Reunidos ontem à noite na sede do Sindicato dos Servidores Municipais de Bauru (Sinserm), os funcionários do município recusaram por unanimidade a proposta de aumento salarial da administração apresentada anteontem durante a primeira rodada de negociações, realizada no auditório da prefeitura.
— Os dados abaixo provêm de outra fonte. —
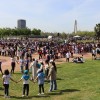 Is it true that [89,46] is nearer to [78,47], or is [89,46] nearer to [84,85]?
[78,47]

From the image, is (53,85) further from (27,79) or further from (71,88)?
(27,79)

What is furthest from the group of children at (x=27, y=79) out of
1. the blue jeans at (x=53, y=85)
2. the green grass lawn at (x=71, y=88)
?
the green grass lawn at (x=71, y=88)

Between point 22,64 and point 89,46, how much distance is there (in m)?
25.5

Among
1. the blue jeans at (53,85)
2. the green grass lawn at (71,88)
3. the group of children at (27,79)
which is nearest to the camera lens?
the group of children at (27,79)

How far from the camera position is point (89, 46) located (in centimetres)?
4969

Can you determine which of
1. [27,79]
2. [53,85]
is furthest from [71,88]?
[27,79]

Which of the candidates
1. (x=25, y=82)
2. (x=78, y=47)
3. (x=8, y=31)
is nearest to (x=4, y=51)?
(x=78, y=47)

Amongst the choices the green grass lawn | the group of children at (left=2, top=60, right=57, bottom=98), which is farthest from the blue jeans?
the green grass lawn

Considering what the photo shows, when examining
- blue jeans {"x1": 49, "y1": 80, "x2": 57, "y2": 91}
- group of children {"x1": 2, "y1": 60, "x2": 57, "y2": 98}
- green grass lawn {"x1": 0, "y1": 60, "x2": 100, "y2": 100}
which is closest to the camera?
group of children {"x1": 2, "y1": 60, "x2": 57, "y2": 98}

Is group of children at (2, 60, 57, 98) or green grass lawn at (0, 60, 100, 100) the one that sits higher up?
group of children at (2, 60, 57, 98)

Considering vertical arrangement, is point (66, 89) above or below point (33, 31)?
below

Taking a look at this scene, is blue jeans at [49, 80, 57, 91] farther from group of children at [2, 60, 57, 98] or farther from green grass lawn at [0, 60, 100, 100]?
green grass lawn at [0, 60, 100, 100]

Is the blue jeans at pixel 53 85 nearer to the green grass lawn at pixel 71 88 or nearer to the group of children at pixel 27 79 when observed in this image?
the group of children at pixel 27 79

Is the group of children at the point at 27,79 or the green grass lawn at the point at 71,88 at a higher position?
the group of children at the point at 27,79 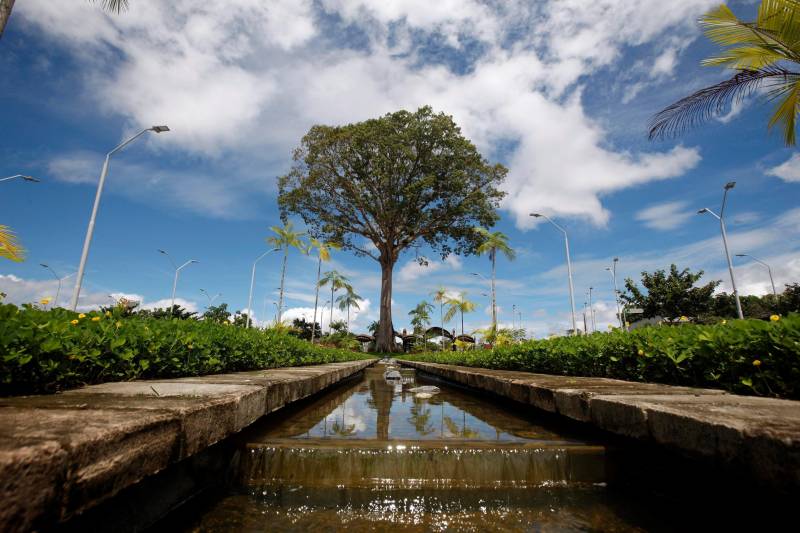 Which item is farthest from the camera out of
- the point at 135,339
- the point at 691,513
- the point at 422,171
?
the point at 422,171

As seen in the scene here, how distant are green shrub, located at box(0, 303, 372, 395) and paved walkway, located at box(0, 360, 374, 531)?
42 centimetres

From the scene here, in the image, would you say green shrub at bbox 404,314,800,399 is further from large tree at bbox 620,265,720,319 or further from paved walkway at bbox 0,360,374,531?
large tree at bbox 620,265,720,319

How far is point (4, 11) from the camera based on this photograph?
6.71 m

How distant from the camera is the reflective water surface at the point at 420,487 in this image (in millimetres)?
2010

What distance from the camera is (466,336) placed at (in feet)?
129

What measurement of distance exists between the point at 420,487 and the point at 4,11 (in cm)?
1018

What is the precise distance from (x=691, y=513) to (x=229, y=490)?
2671mm

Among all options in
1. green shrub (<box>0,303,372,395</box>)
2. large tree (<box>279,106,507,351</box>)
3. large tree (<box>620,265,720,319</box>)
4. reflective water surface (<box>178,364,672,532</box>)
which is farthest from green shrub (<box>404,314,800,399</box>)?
large tree (<box>620,265,720,319</box>)

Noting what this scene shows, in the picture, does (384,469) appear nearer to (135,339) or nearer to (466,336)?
(135,339)

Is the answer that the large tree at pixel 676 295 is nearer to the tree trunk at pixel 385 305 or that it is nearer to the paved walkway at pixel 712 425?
the tree trunk at pixel 385 305

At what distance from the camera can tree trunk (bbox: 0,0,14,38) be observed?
6680 mm

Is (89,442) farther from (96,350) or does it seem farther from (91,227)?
(91,227)

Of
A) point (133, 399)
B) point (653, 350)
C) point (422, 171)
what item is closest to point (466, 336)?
point (422, 171)

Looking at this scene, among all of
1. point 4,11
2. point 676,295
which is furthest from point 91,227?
point 676,295
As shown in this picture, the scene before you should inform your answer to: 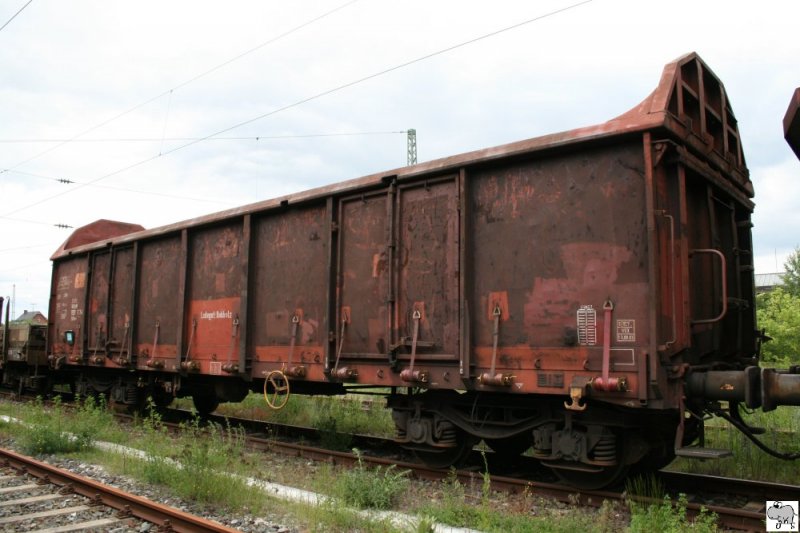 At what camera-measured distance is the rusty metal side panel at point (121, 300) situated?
1188 cm

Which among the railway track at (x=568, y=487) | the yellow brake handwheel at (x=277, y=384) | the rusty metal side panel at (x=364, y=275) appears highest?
the rusty metal side panel at (x=364, y=275)

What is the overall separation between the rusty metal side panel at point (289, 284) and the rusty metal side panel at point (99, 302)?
516 cm

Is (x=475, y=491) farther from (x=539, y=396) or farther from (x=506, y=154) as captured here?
(x=506, y=154)

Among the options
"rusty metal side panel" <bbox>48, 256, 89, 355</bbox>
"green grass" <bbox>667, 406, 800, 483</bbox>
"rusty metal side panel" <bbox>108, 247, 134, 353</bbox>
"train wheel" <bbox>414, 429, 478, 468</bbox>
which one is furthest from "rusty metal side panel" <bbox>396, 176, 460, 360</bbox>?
"rusty metal side panel" <bbox>48, 256, 89, 355</bbox>

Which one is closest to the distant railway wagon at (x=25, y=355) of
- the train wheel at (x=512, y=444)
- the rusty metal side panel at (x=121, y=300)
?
the rusty metal side panel at (x=121, y=300)

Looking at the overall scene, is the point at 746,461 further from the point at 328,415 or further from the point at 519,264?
the point at 328,415

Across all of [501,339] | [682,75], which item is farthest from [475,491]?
[682,75]

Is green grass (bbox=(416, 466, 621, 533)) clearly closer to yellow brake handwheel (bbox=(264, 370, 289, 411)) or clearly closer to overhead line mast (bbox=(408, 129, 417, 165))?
yellow brake handwheel (bbox=(264, 370, 289, 411))

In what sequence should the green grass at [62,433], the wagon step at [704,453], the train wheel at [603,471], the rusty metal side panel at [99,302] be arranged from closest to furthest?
the wagon step at [704,453] < the train wheel at [603,471] < the green grass at [62,433] < the rusty metal side panel at [99,302]

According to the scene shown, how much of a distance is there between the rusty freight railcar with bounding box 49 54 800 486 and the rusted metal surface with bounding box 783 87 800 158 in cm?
101

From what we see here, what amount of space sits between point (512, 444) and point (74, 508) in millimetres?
Answer: 4848

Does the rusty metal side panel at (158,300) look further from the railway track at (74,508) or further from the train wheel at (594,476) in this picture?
the train wheel at (594,476)

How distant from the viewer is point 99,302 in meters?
13.0

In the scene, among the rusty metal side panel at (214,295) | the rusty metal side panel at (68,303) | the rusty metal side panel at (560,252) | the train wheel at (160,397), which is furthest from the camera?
the rusty metal side panel at (68,303) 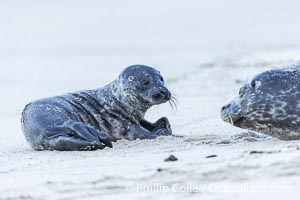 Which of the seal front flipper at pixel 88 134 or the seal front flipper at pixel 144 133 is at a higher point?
the seal front flipper at pixel 88 134

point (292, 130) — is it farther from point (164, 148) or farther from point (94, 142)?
point (94, 142)

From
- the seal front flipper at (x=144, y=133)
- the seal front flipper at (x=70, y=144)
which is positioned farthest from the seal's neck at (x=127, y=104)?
the seal front flipper at (x=70, y=144)

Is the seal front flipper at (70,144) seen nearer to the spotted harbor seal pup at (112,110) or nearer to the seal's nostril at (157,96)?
the spotted harbor seal pup at (112,110)

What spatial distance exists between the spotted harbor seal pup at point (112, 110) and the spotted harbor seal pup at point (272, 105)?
1.08 m

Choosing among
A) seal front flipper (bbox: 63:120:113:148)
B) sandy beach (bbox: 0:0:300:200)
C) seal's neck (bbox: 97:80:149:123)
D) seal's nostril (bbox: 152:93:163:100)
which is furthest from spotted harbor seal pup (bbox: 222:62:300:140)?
seal's neck (bbox: 97:80:149:123)

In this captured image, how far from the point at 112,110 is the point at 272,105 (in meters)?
1.85

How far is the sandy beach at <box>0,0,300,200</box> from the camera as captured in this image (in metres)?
5.31

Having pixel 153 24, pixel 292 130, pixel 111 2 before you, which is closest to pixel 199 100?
pixel 292 130

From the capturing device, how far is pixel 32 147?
25.3 feet

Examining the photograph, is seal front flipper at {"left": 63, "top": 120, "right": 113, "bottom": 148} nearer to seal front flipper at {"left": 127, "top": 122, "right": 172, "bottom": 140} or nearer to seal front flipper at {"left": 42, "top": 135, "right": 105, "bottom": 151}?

A Comissão de Negociação da Prefeitura Municipal propôs a manutenção do abono de R$ 50,00 e a concessão de 6,12% sobre os salários da categoria quando o Sinserm pedia um reajuste de 73,31%, dividido em um aumento inicial de 30% e o parcelamento dos 43,31% restantes. Além da reposição o Sinserm também reivindica o aumento do vale-compra do funcionalismo para R$ 200,00 e a incorporação de um abono de R$ 50,00 aos salários dos servidores.
Apesar da recusa, os servidores não optaram por parar as atividades, segundo a diretora do Sinserm, Idelma Corral. O sindicato espera obter uma mudança de posicionamento da administração municipal na segunda etapa de negociações, que se realiza hoje à tarde na prefeitura.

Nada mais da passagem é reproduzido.